A desk review of criminal proceedings, policy documents and newspaper reports archived on the HIV Justice Network website (www.hivjustice.net) as part of the research for our forthcoming Advancing HIV Justice 2 report was undertaken to better understand the criminal law implications of increased knowledge and awareness of the additional prevention benefit of ART as they relate to laws, prosecutions and policies related to HIV non-disclosure, potential or percived exposure and/or transmission. .
The impact of viral load on infectiousness has resulted in a number of European jurisdictions revising or revisiting their HIV-related criminal laws or prosecutorial policies. The Netherlands was the first country to consider low viral load as a factor in assessing HIV risk in 2005, resulting in the essential decriminalisation of all but intentional exposure or transmission. Following the ‘Swiss Statement’ published in January 2008 a small number of courts, governments and prosecutorial authorities have accepted ART’s impact on reducing HIV-related sexual risk. These include: Geneva Court of Justice, Switzerland (2009); Denmark Ministry of Justice (2011); Crown Prosecution Guidance for England and Wales (2011); Crown Office and Procurator Fiscal Service Guidance for Scotland (2012); the Court of Appeal for Skåne and Blekinge, Sweden and Swedish Ministry of Health and Social Affairs (2013), and the Czech Republic Supreme Court (2015).

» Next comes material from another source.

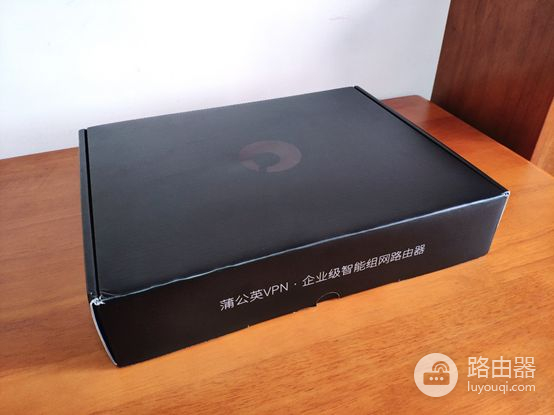 蒲公英路由器群晖组网(群晖那么贵,普通人用个蒲公英X5路由器,照样可以搭建NAS私有云)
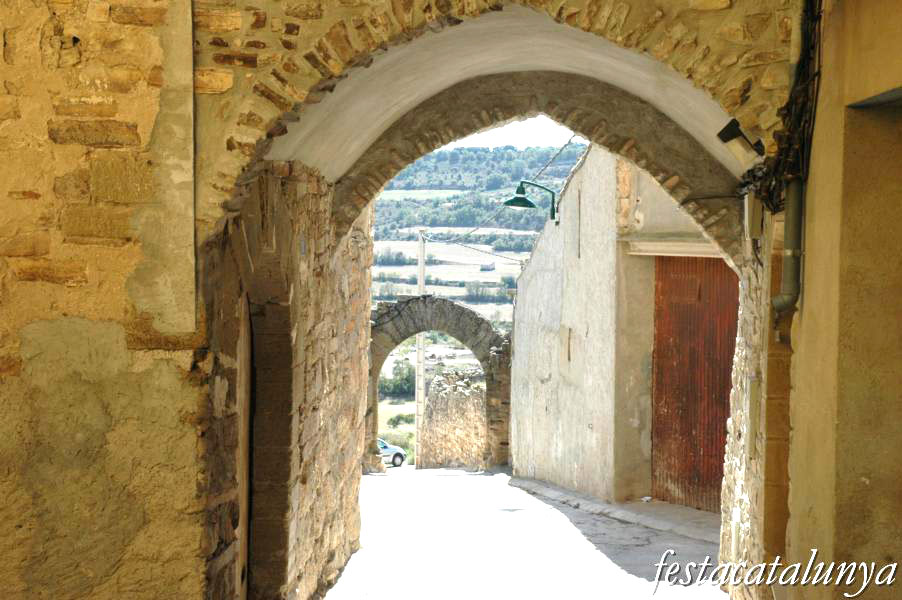 Portal d'accés al recinte medieval emmurallat de Granyena de Segarra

UNAIDS guidance (2013) notes: “Where criminal liability is extended to cases that do not involve actual transmission of HIV, such liability should be limited to acts involving a “significant risk” of HIV transmission. The determination of whether the risk of HIV transmission from a particular act is significant should be informed by the best available scientific and medical evidence.” It is vitally important that criminal justice system actors and law- and policymakers are educated so that HIV-related criminal laws and policies are applied rationally and fairly .Scientists and clinicians must, therefore, work more closely with HIV and human rights activists, advocates and lawyers in jurisdictions where the prevention impact of ART is not currently legally recognised, in order to prevent miscarriages of justice and to ensure that the prevention benefit of ART is correctly understood by criminal justice actors, policymakers, the media and those most at risk.